Implementation of the above-mentioned options would enable us to meet the main requirements of a large-scale nuclear power industry, including deterministic exclusion of disastrous radioactive releases during severe accidents with reactor power excursions, loss of coolant, destruction of the external barriers (leaktight vessel, reactor building), etc.
An urgent task both for Russia and for a number of other countries is to utilize within the next 2-3 decades the plutonium accumulated in storages which comes from NPPs, extracted from their fuel, and from dismantles nuclear weapons, converted into spent fuel. Pu utilization in reactors which will meet the high safety and economy requirements discussed above and will operate in an open fuel cycle at the first prolonged stage, allows reducing the time for clearing the storages of Pu and meeting the Pu management recommendations made by CISAC of the US National Academy of Sciences.

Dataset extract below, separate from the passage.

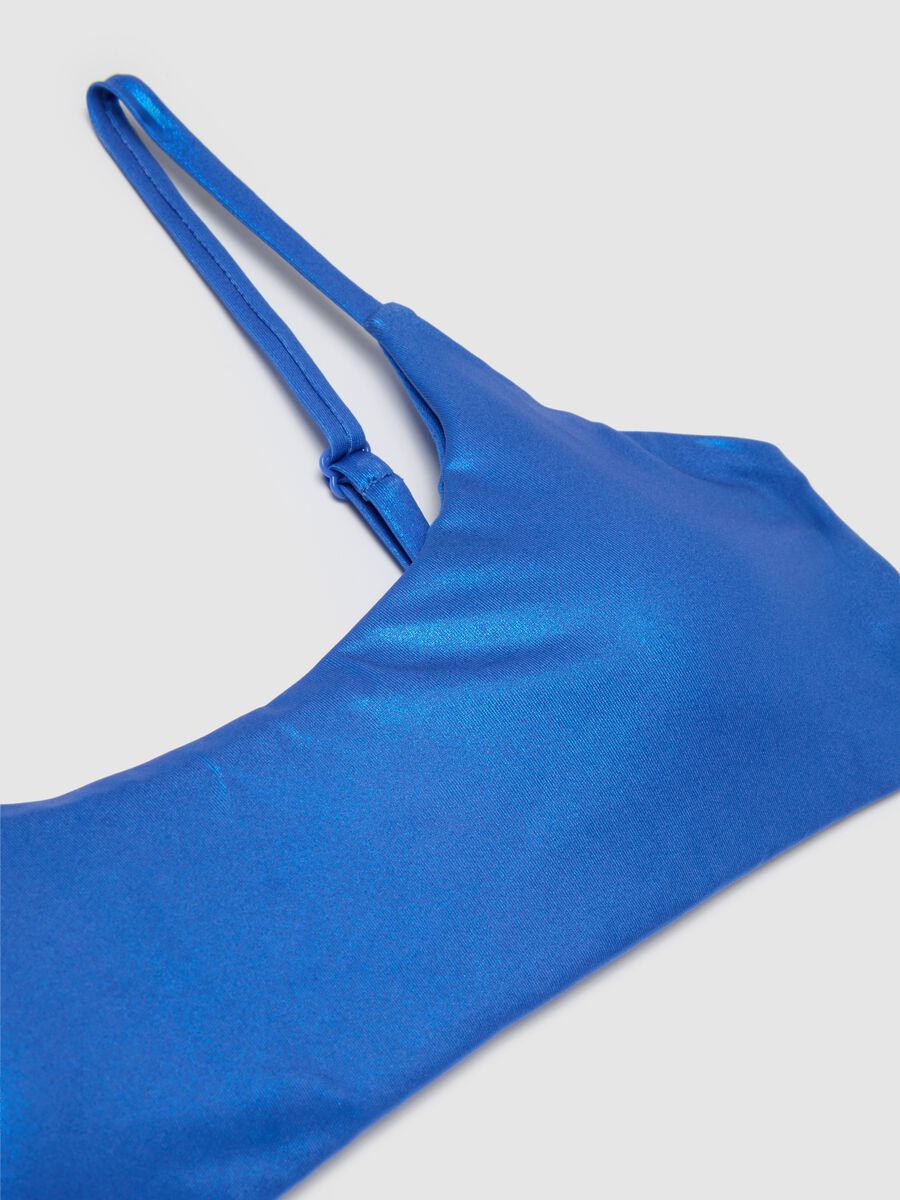Bikini da ragazza in tessuto elasticizzato blu_2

Such an approach to Pu utilization can be especially attractive for the next stage of nuclear power industry advance, since it dispenses with the necessity for the economically inefficient effort to create special "burners" or to burn plutonium in the operating reactors.
These problems can be solved by the concept of a fast reactor cooled by liquid lead. This concept is being developed in Russia within the framework of the State Program "Environmentally Clean Power Industry" and is based on the vast practical experience obtained at Russian fast reactors with Na cooling and the submarine reactors cooled by heavy liquid metal (Pb-Bi alloy). Therefore, development and demonstration of the proposed technology can be realized in a rather limited time. The initial assumptions have been proved by the design investigations and developments of 300, 600 and 1000 MWe reactors and by the experiments on the key aspects of the concept. A similar reactor could be also employed in a system with an external neutron source (cyclic proton accelerator), proposed by CERN (Carlo Rubbia et al.).

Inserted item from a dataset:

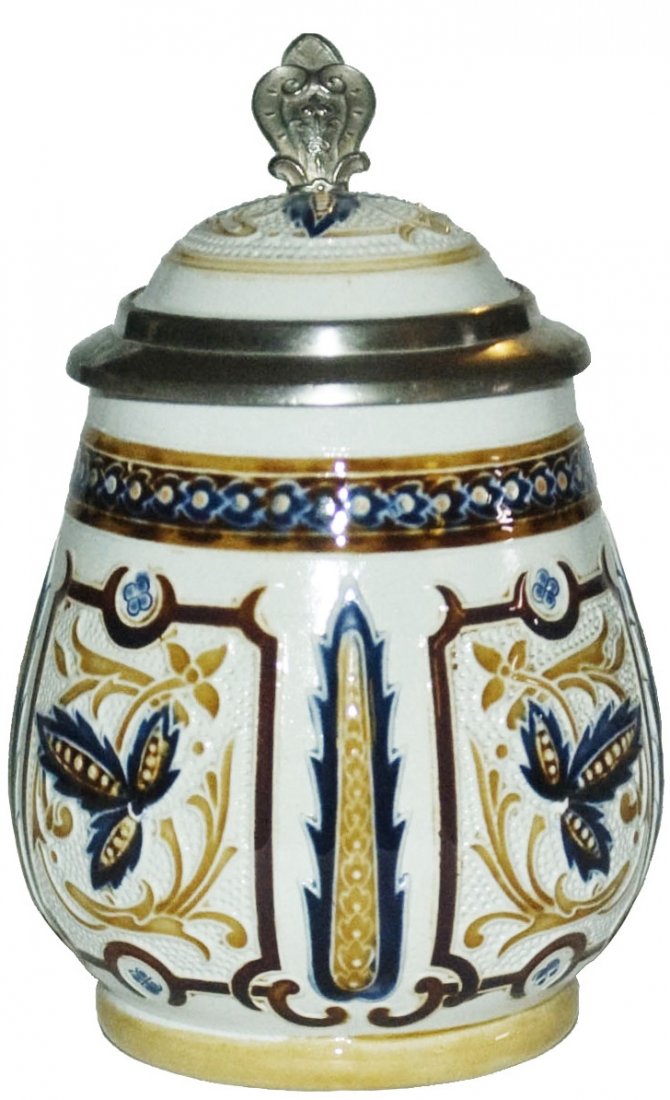 Mosaic Mettlach 3/10L Floral Stein w Inlay Lid (1 of 1)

The objective of the proposed project is to elaborate the concept of a lead-cooled reactor for conversion of weapon-grade and extracted power reactor plutonium into spent fuel under operation in the open fuel cycle. To substantiate the concept, a package of computations and experiments are planned to be conducted in physics, thermal hydraulics and safety, two design options for the 300 MWe reactor (BREST-300) are to be developed, and the main charac-teristics of the 600 MWe reactor are to be assessed. The first option is a critical reactor (LCFR) and the second is a reactor with 2% subcriticality, operating from an external proton source with a moderate current (ALCFR). For such a source a cyclic accelerator will be used with a current of ~10 mA, which is to raise particles energies of ~1 GeV.